Lynne Ford has left ING, effective November 30, an ING spokesperson confirmed today. Ford had been CEO of Individual Retirement, joining ING in December 2009 after spending much of her career at Wachovia. She currently serves as chairman of the board of the Insured Retirement Institute, according to the IRI website.
Ford’s departure was “the result of some consolidation within our broader retirement business. We have a large retirement plan business, and we more closely integrated Individual Retirement within the retirement plan business,” an ING spokesperson told RIJ. “So [Ford] decided to pursue opportunities outside ING.” Ford recently began reporting to the CEO of Retirement, Maliz Beames, based in Windsor, Conn.

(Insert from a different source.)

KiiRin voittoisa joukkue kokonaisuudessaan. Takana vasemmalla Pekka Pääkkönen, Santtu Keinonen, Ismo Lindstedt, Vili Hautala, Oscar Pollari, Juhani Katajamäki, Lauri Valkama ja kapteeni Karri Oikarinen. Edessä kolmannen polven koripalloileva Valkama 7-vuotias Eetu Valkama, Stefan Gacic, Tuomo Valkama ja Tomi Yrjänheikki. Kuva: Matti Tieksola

ING Groep NV, based in the Netherlands, is in the process of divesting its U.S. businesses in the wake of its bailout by the Dutch government in 2008, the result of the company’s exposure to U.S. mortgage assets.

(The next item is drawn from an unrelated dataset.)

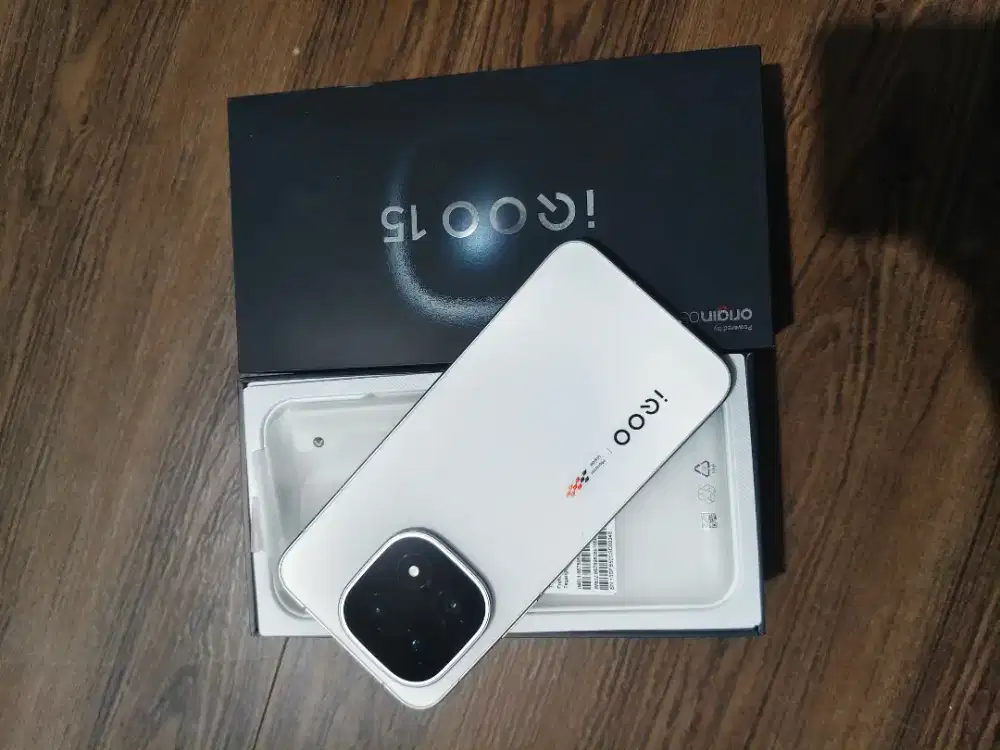 iqoo 15 16/512 putih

At Wachovia, which merged with Wells Fargo in late 2008, Ford served in a number of executive capacities within its investment and distribution organizations. In her recent role, Ford was responsible for the annuity and IRA products distributed across the company. This included the sales, marketing and product management for IRAs and annuities, as well as channel management, annuity operations and servicing.
She was also responsible for the company’s overall Retail Retirement strategy and branding as the company aimed to capitalize on the retirement market opportunity. In 2008, the business had annualized IRA sales of more than $30 billion and was the largest distributor of annuities in the U.S. with over $15 billion in total sales.
Prior to that role, Ford also served as senior vice president and director of sales initiatives for Evergreen Investments from 1997-2003, and a variety of sales capacities including national sales manager within Evergreen Investments from 1993-1997.
Ford earned a bachelor’s degree from Davidson College and a master’s degree from the University of North Carolina, Charlotte.
ING is under European Union orders to sell its entire insurance and investment management businesses before the end of 2013 as a condition for approval of state aid received amid the financial crisis. The firm, the Netherlands biggest financial- services company, aims to divest the remaining parts of the unit in two initial public offerings, Bloomberg reported last July.
ING received 10 billion euros of state aid in 2008 and transferred the risk on 21.6 billion euros of U.S. mortgage assets to the Dutch government in 2009. The company has repaid 7 billion euros and plans to repay the rest by May.
In mid-2011, the firm agreed to sell its U.S. online bank to Capital One Financial Corp. for $9 billion to fulfill another EU requirement. In July, ING Groep NV agreed to sell most of its Latin American insurance operations to Grupo de Inversiones Suramericana, the parent company of Colombia’s largest bank, for about 2.7 billion euros ($3.9 billion).